Love, Sadness, and Other Nonsense

I hate ex-girlfriends. Anyone else with me on this?

I don’t hate them PERSONALLY. I think I’ve had good fortune in dating some fantastic people over the course of these last several years. Pretty much every girl I’ve ever dated has been something of a force for good in my life. But seeing them AFTER we’ve broken up… well, frankly, I’d often rather engage a patch of poison ivy in a close-proximity staring contest.

Again, here I have to clarify something – I do maintain contact with my ex-girlfriends. For the most part, I think, we’re friends, and I’m grateful for that friendship. Sometimes I get a case of the “whatmittabins,” but those pass like a twenty-four hour cold (with less mucus… usually).

It’s when the exes move on that things get tough. See, as a rule, I don’t like dating, and therefore I don’t do it very often. It usually takes me a LONG time to get over someone else. And if that someone else isn’t as averse to spending an evening or two with someone of the opposite sex that they barely know, chances are that someone else will move on a lot faster than I will.

I’ve had some doozy experiences. I dated a girl who was in a play with me once, who then went on to date one of the stagehands while we were still involved in the exact same production. I also dated a girl in college who, after we broke up, continued to bring her new beaus to hang out in the university in plain sight of the reference desk where I worked. And I’m not too proud to admit – I had a hard time with this. But I got over it, eventually, and all I have to say to these women is this: If you find someone who treats you better than I did and makes you happy, then GOOD ON YOU.

I find, though, that it doesn’t take a big dramatic experience to spark some of those special feelings of loneliness and neglect that come with encountering an ex. Sometimes all it takes is a glance.

Everyone has a “one that got away.” Fishermen do. Cops do. Sometimes morticians do. My “one that got away” was my high school sweetheart – and, as is so often the case with romances, she was one I let get away. I saw her at Saturday’s Fourth of July parade, with one child in her arms, and another scampering a couple of feet in front of her. I think we made eye contact, then she was gone – didn’t even say a word to each other. And still, I got that kind of cold pain that comes only when seeing one you used to love. Or getting punched in the chest by Frosty the Snowman.
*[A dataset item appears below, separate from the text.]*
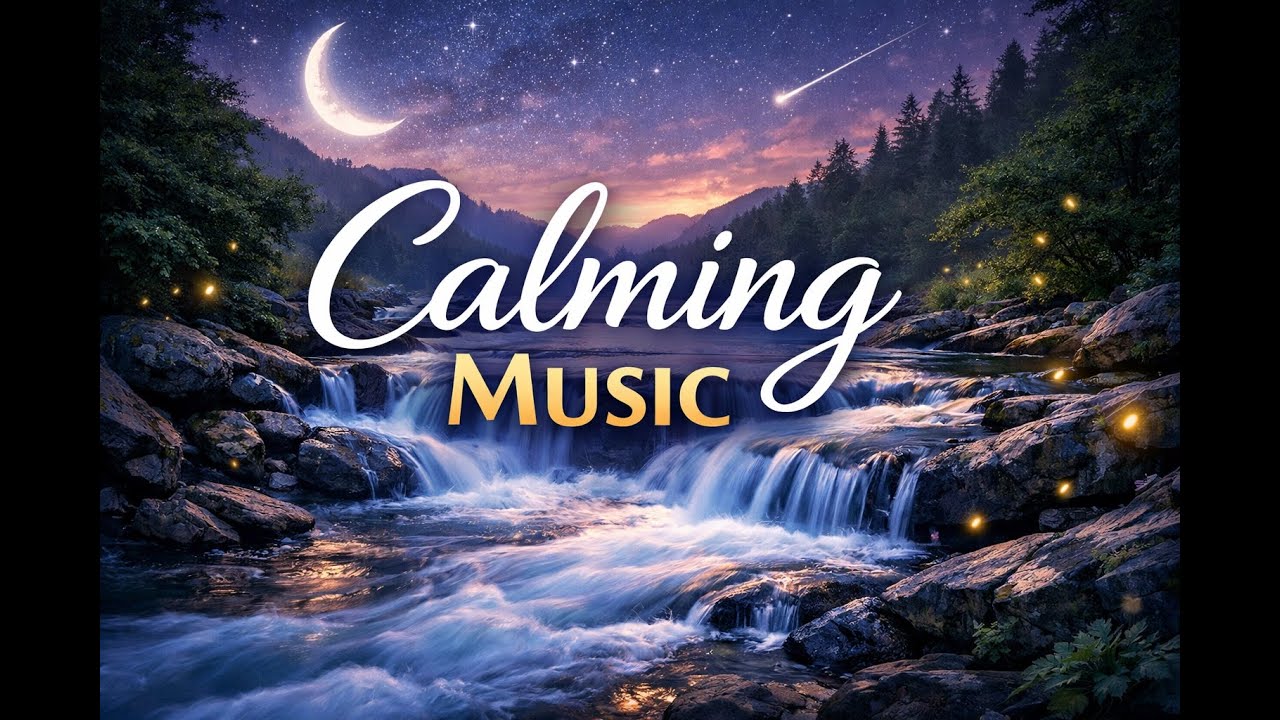 Your Body Will Relax in Seconds.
It’s been now nine years since I broke up with this girl, and a glance still leaves me feeling cold. There’s a lot of power in a simple human connection – a single look, a brush of the fingers – that can totally rock one’s emotional world. Kinda surprising.

I’m sure there’s a poem in that somewhere. Of course, I’m also sure that poem’s probably already been written.

1 comment:

Heidi Smith said...

I hate that uncontrollable feeling that comes like a shot in the dark. And no matter how much you struggle, or "convince" yourself with the rationality of why you shouldn't feel this way anymore, you still find yourself lost in perpetual motion of what once was.